In Rust you work a lot with types. You can write code that supports several different types but you usually have to specify which constraints these types have to fulfill. You specify these constraints between <> brackets. In this example we have 3 such constraints:

1) <'s, S: Seed, A: Copy>

2 & 3) <dyn Fn(S) -> Step<S, A> + 's>

with 2) <S, A>

with 3) <dyn Fn(S) -> Step<S, A> + 's>

Because these constraints are all part of the same struct definiton, the names in these 3 constraints refer to the same things. The names are: s, S, A

Constraints in Rust can either be lifetimes or traits (similar to interfaces in Java). Lifetimes are marked with a single quote (') followed by the name of the lifetime (in this case: 's)

Let's look at constraint number 1):

I) We declare a lifetime 's but we do not specify where it will be applied in the struct yet.

II) We declare a type constraint S. Every type that is used as S must implement the Seed trait.

III) We declare a type constraint A. Every type that is used as A must implement the Copy trait.

Before I go into constraint 2&3, I must explain that `Fn(S) -> Step<S, A> + 's>` describes the type signature of a closure.
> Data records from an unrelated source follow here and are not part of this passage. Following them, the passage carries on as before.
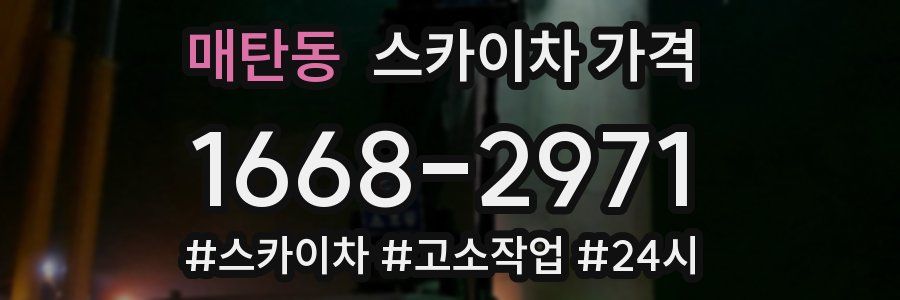 매탄동 스카이차 가격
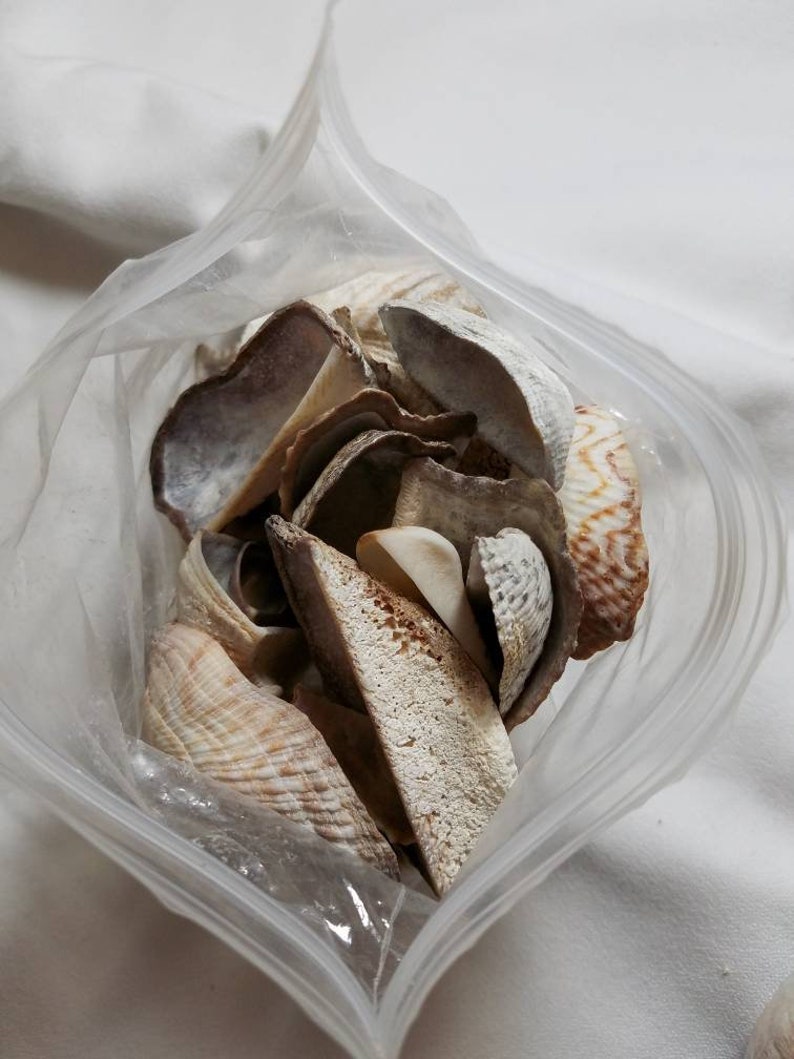 Turkey Wing Seashells Clam Shells Brown Tiger Claw Craft - Etsy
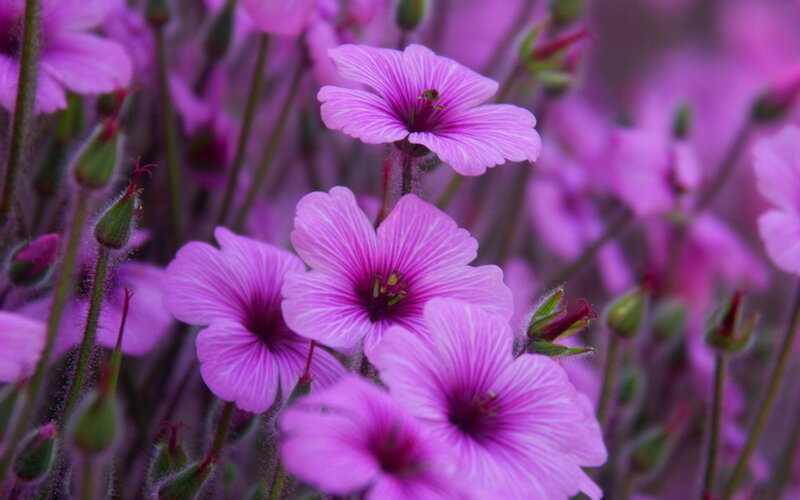 Purple Geranium Flowers — Calm, Spring, Photograph, Buds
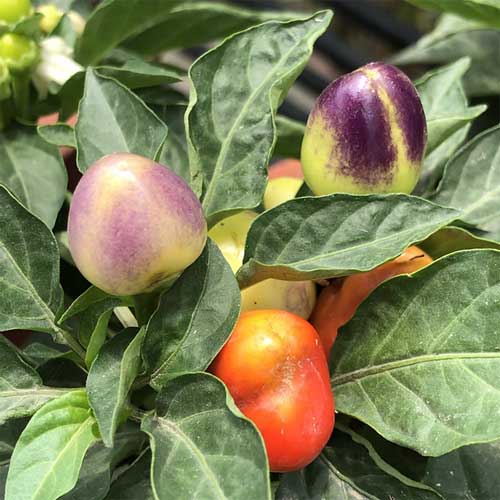 Ornamental Chilli Capsicum Choice Round Mix Seeds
The syntax is basically `Fn(parameter-list) -> return-value`.

Constraint 2) says that the return value must be a struct `Step` with the type parameters `S` and `A`.

Constraint 3) says that the next field of the struct must be a `Box` that contains an object of unknown size (hence the `dyn`) which is a closure that takes one `S` parameter and returns a `Step` struct with the type parameters `S` and `A`. The lifetime of the closure must be `'s`.

Finally, the seed must be of type `S`.